Papa Francesco sul terrorismo: “Anche la parola, anche l’esclusione uccidono”

“Mettere il denaro al centro del mondo e togliere l’uomo e la donna dal posto che è loro: è terrorismo”.

Roma. 1 agosto – Ancora una volta parlando ai giovani della GMG di Cracovia e ai giornalisti nella abituale conferenza stampa al ritorno in aereo, il pontefice ha voluto guardare i mali alla radice. Non tralasciando alcun aspetto.

Fanatismo e radicalismo religioso sono ovviamente le cause di molti attentati, ma altri attentati e uccisioni anche su religiosi sono stati e sono ancora compiuti nel mondo e non da estremisti islamici. In ogni religione ci sono gruppi ad orientamento terroristico e gli sbandati di ogni tipo divengono più facilmente le pedine di artefici non veri credenti, ma semplicemente senza scrupoli. L’interruzione della prosecuzione naturale della vita si può compiere anche in molti altri modi. L’intervento criminale sul territorio che affama e inquina, la segregazione e la tortura per motivazioni religiose o per differenti espressioni di pensiero politico, l’esclusione sociale esercitata in molti modi e sotto tanti aspetti, l’aborto, il traffico di organi, la svalutazione di chi è portatore di disabilità, velocemente o più lentamente uccidono e sono terrorismo. Si può cominciare dal corpo o dalla mente dell’uomo e della donna, ma il risultato è l’eliminazione o la disgregazione fisica o mentale di quelli a cui non lasciamo, esercitando una qualche posizione di potere, neppure il minimo, necessario, spazio esistenziale.
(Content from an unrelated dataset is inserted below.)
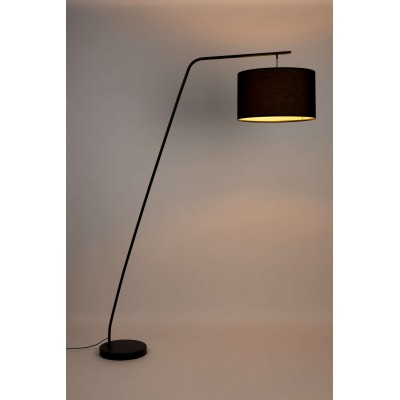 Lampa połogowa Martine, czarna, LuDesign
L’uomo e la donna investiti sin dall’infanzia dal traffico di droga o dall’esposizione all’alcool o da un bombardamento di immagini orientanti al consumismo fine a se stesso, nel quale non vali se non consumi  – e implicitamente non consumi perché non vali –  sono sottoposti a terrorismo.
La diffusione di giochi elettronici con personaggi violenti fa parte delle mode attuali e non a caso uno degli ultimi terroristi ne era affascinato.
Tali valutazioni di Francesco sono nella continuità del pensiero di Giovanni XXIII,  che si adoperò, tralasciando la propria salute, per le urgenze del Concilio e per arginare il rischio, con tutte le ovvie conseguenze planetarie, di una guerra fra gli USA e Cuba, di Paolo VI con la sua prosecuzione del Concilio Vaticano II e di Giovanni Paolo II con i suoi famosi messaggi inascoltati sulle ultime guerre in Bosnia e in Iraq e le condanne che hanno suonato come un tuono in Sicilia in relazione ai famosi attentati alla magistratura e nelle sue ripetute affermazioni sull’esclusione, sull’aborto, sulla disabilità,
sulla dignità doverosa ma spesso negata. Sua l’istituzione nel 1986 delle Giornate di preghiera per la pace, con la partecipazione dei massimi esponenti di tutte le religioni, iniziate ad Assisi e proseguite nel successivo pontificato di Benedetto XVI e nell’attuale.